Secondly, it changes the relationship from ‘Distributor’ to ‘Adviser’ more explicilty than most other changes. It’s not the only way to do this, but it helps!
All this active vs. passive stuff reminds me of the glory days of investment trusts when there was loads of assertions about closed ended funds being better than open ended. In the end the answer was “It depends”..
Whilst I do see that David has some interesting points to make on charges it would be silly to base any investment decision on them alone. Also I have yet to meet anyone who selects an active fund manager on the basis that they are going to underperform! The question then is why select active over passive or vice versa? Firstly asset allocate to appropriate markets, sectors and asset classes. Then decide if you think it is possible, within the clients risk budget, to find a manager who can beat the passive option. If yes then use the active manager, if not find the most cost efficient way of getting passive exposure to that market.

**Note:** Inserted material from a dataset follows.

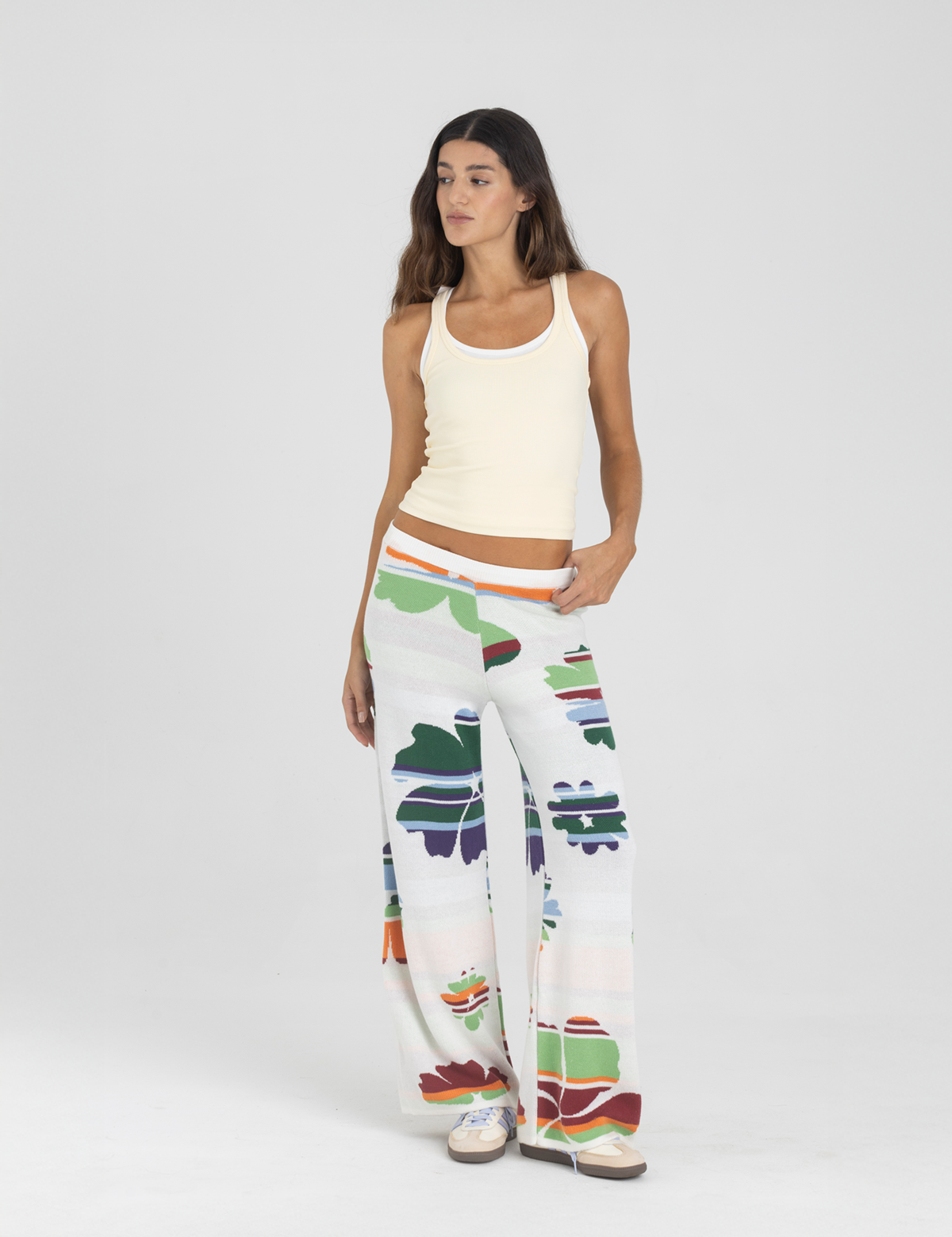AGYBO_3658_752818af-0a2b-4cdf-85a2-36fb6451c605.png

As the meerkats keep telling us simples..
Interesting but largely irrelevant spin in my view. The reader is presumably supposed to look at these drag figs and conclude that passive is better ?
The figs I have show that over the last 20 years the dimensional uk value index grew by 8.96% pa, the FTSE all-share by 8.06% pa, the Dimensional uk small cap by 7.78% pa and the Morningstar fund average by 7.67% pa
So there you have it – passive beats active. BUT what happened to the nasty trading costs ?
Also if we take the average of the 3 passives ( It would hardly be fair to just pick the best figure) we get passive growing at 8.27% pa . Add to this the cost of advice and the cost of a platform and now active is cheaper.
The only conclusion that I can reach is that those who “advise” on passive will spin one way and those who “sell” active will spin another. In reality neither way is inherently better and it would be foolish to predict in advance which approach might give the best performance over the next 20 years.